> **DATASET RECORDS**:
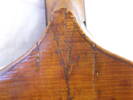 viola da gamba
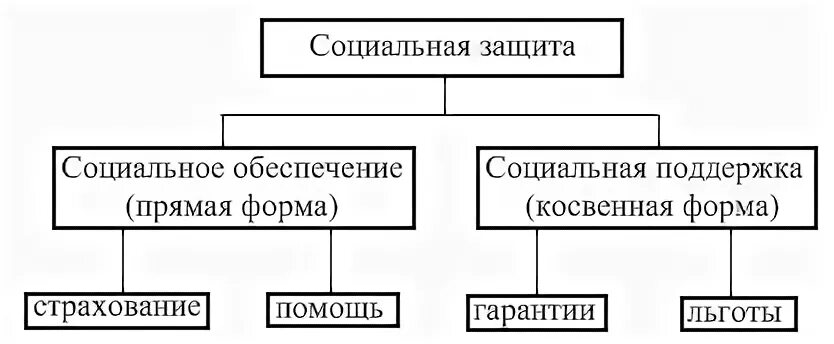 Государственные формы социальной защиты населения. Формы социальной защиты. Система социальной защиты. Виды социальной защиты населения. Формы и виды социальной защиты населения.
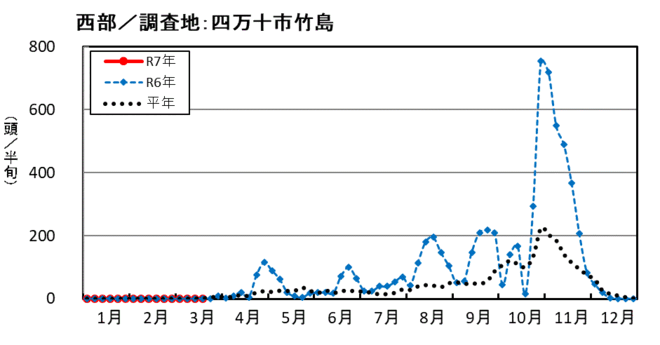 image (西部_四万十市竹島)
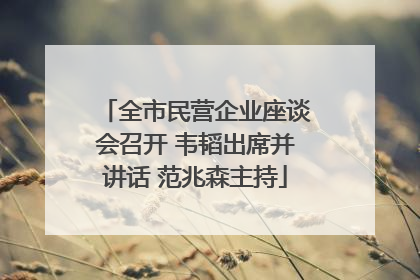 全市民营企业座谈会召开 韦韬出席并讲话 范兆森主持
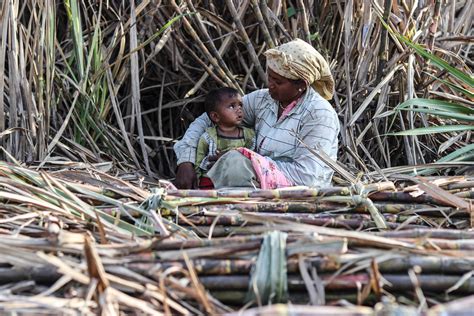 India Becomes Top Sugar Producer As Sugarcane Workers Fall Into Debt
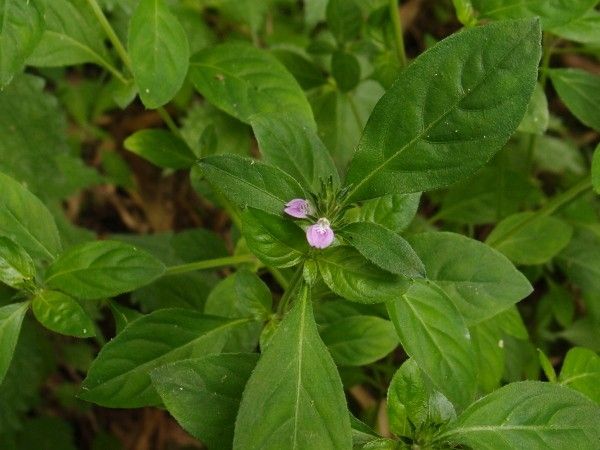 山道の花が続く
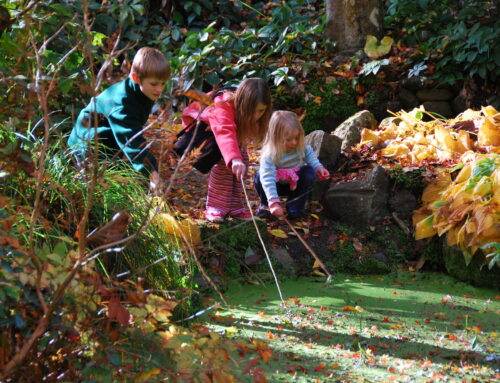Nature-Based Activities for the Summer Holidays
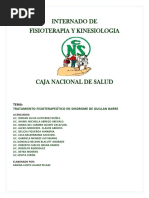 Internado de Fisioterapia Y Kinesiologia: Tema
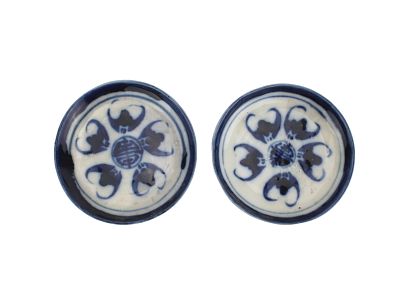 Two Chinese Blue & White Porcelain Saucers. A pair of shallow porcelain dishes decorated in 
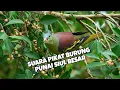 Download Lagu Suara pikat burung punai siul besar // suara burung punai bakau// terbaru dan ampuh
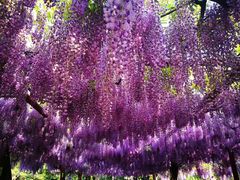 -嘉定紫藤园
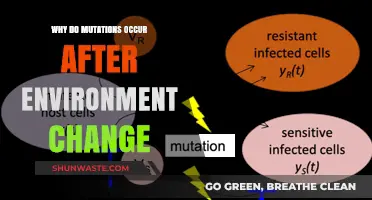 Environmental Shifts Trigger Mutations: Unraveling the Adaptive Evolution Mystery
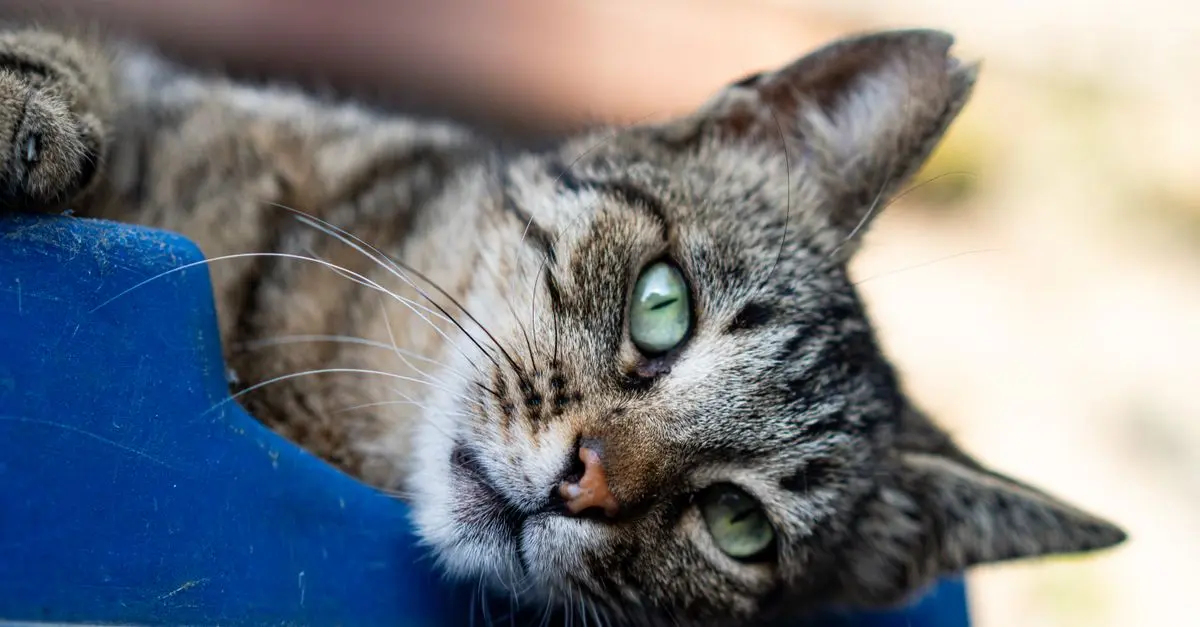 The Essential Guide to Understanding Cat Behavior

> **EXERCISE PROMPT**: Repeat each record verbatim, pictures excluded.

> **TASK RESPONSE**:
 viola da gamba
 Государственные формы социальной защиты населения. Формы социальной защиты. Система социальной защиты. Виды социальной защиты населения. Формы и виды социальной защиты населения.
 image (西部_四万十市竹島)
 全市民营企业座谈会召开 韦韬出席并讲话 范兆森主持
 India Becomes Top Sugar Producer As Sugarcane Workers Fall Into Debt
 山道の花が続く
Nature-Based Activities for the Summer Holidays
 Internado de Fisioterapia Y Kinesiologia: Tema
 Two Chinese Blue & White Porcelain Saucers. A pair of shallow porcelain dishes decorated in 
 Download Lagu Suara pikat burung punai siul besar // suara burung punai bakau// terbaru dan ampuh
 -嘉定紫藤园
 Environmental Shifts Trigger Mutations: Unraveling the Adaptive Evolution Mystery
 The Essential Guide to Understanding Cat Behavior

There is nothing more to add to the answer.